In case of the large real world datasets Yago and DBpedia the DCB-Tree is on the same level or superior to the ART Tree. For Yago, depending on the dataset size, DCB8 processes between \(7\,\%\) and \(30\,\%\) more operations per second than ART. For DBpedia, DCB-16 has an equivalent runtime performance as ART for more than 10,000,000 entries. The reason that DCB-16 performs up to \(50\,\%\) worse than ART for dataset sizes smaller than 10,000,000, is the overhead of the custom 16 byte integer implementation, as no native 16 byte integer datatype is available on the Java Platform. ART is not affected by this, because it performs a byte wise comparison. Nevertheless, due to its tree height and the increased number of cache misses, the performance of ART drops significantly for datasets larger than 10,000,000 entries.

The reason that the TreeSet is only evaluated for dataset sizes of up to 100,000,000 entries is that the amount of memory required exceeds the amount of RAM available in our benchmark environment (more than 96 GB).

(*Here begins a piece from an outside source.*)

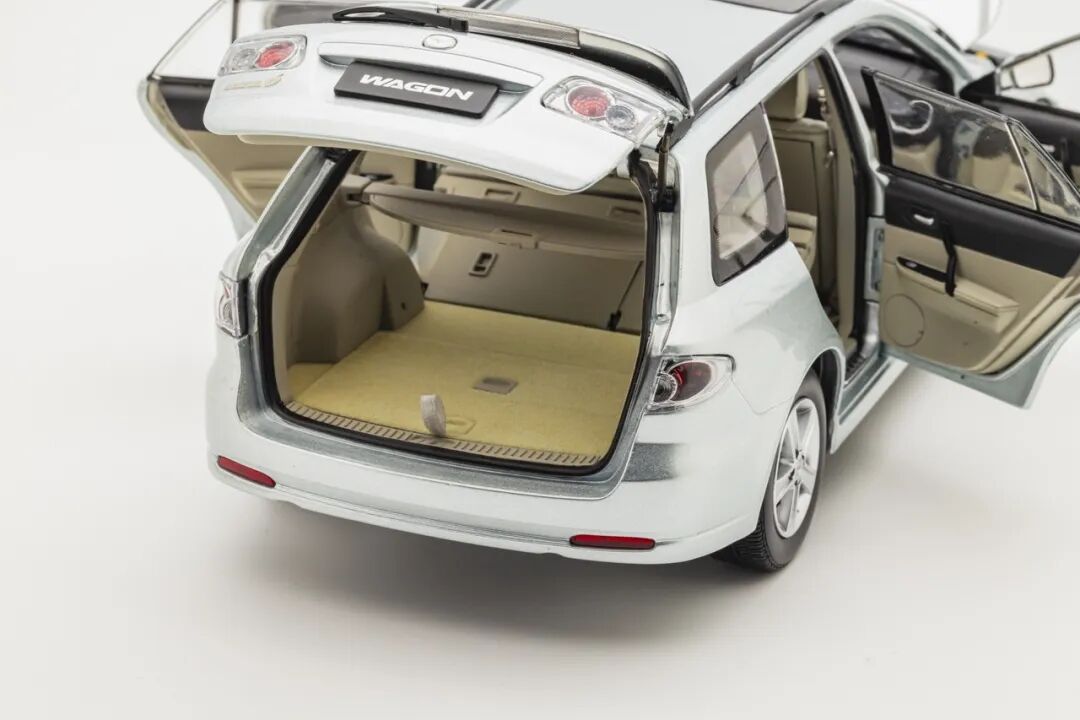 YC Model 1:18 Mazda 6 wagan diecast model silver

5 Conclusion and Future Work

In this paper we presented the DCB-Tree, a cache-conscious index structure for the storage of short fixed size keys. The DCB-Tree combines a hierarchical cache aligned node layout with delta encoding and pointer compression. The evaluation results show the best memory utilization among the contestants, while providing equal or better performance for large real world datasets.

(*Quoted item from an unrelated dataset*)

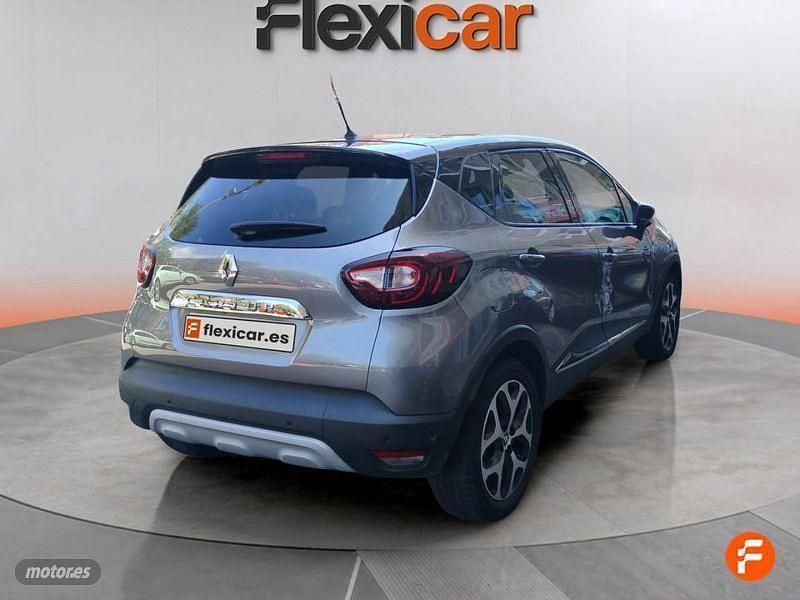 Usado Renault Captur Life 100 CV (73 kW) 2019 Gris / plata SUV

We presented algorithms for insertion and search operations and described the influence of the two-stage node layout on B-Tree operations. Furthermore, the DCB-Tree was evaluated against two other index structures, namely the ART Tree and a Red Black Tree on artificial as well as on real world datasets. We show that for dense as well as for large real world dataset the DCB-Tree requires only 20 % of memory compared to other state of the art index structures. Moreover, our evaluation shows that the DCB-Tree provides decent performance using artificial datasets. In the case of large real world datasets it is equivalent or superior to state of the art in-memory index structure ART, while providing a more efficient space consumption. In future work, we will investigate other encoding strategies to further reduce the amount of memory required. Furthermore, we plan to integrate the DCB-Tree into RDF-Stores as well as to use it as a basis for full text indexes.